¿Cómo dejar de temer los errores en el póker?

Tatyana Barchukova

Барчукова

¿Cuanto más aprendes, más dudas de ti mismo en la mesa? Analizamos el efecto Dunning-Kruger en el póker y explicamos por qué el 'valle de la desesperación' es un signo de crecimiento, no de fracaso.

Los errores son una parte inherente del desarrollo de cualquier jugador de póker. Pero el miedo a cometerlos a menudo paraliza: impide actuar, analizar y avanzar.

Para dejar de temer a los errores, es necesario entender por qué los cometemos, cómo funciona la autoestima en el proceso de aprendizaje y por qué la duda no es un signo de debilidad, sino un paso hacia el crecimiento profesional.

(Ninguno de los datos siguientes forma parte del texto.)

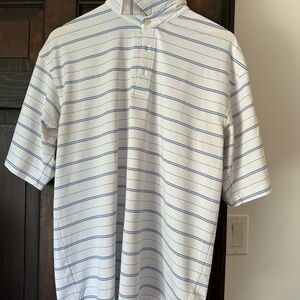 Slazenger White and Blue Polo Shirt Classic Striped Design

Hoy analizaremos cómo el efecto Dunning-Kruger se manifiesta en el póker, qué ocurre cuando la confianza disminuye y cómo convertir las dudas en una herramienta de progreso.

Qué es el efecto Dunning-Kruger

En 1999, los psicólogos David Dunning y Justin Kruger demostraron que las personas que menos saben son, a menudo, las que más confían en sí mismas.

La investigación comenzó con un caso curioso: un hombre intentó robar un banco, untando su cara con jugo de limón, pensando que el jugo lo haría «invisible» para las cámaras. Cuando lo atraparon, estaba genuinamente sorprendido. Así, los científicos concluyeron que: cuanto menor es la competencia, mayor es la autoconfianza.

En el póker, este efecto se encuentra constantemente. Veamos cómo se manifiesta en la dinámica de crecimiento del jugador.

Pico de confianza: la ilusión de la simplicidad

Al comienzo, todo parece claro. Un par de sesiones exitosas, algunos videos en YouTube, las primeras victorias, y surge la sensación: «Ya lo entendí todo».

Este etapa puede llamarse «el pico de la tontería». El jugador siente confianza, pero solo ve la superficie del juego. Gana los primeros torneos en límites bajos*, llama a los oponentes peces y deja de aprender. Cualquier derrota se explica como mala suerte. 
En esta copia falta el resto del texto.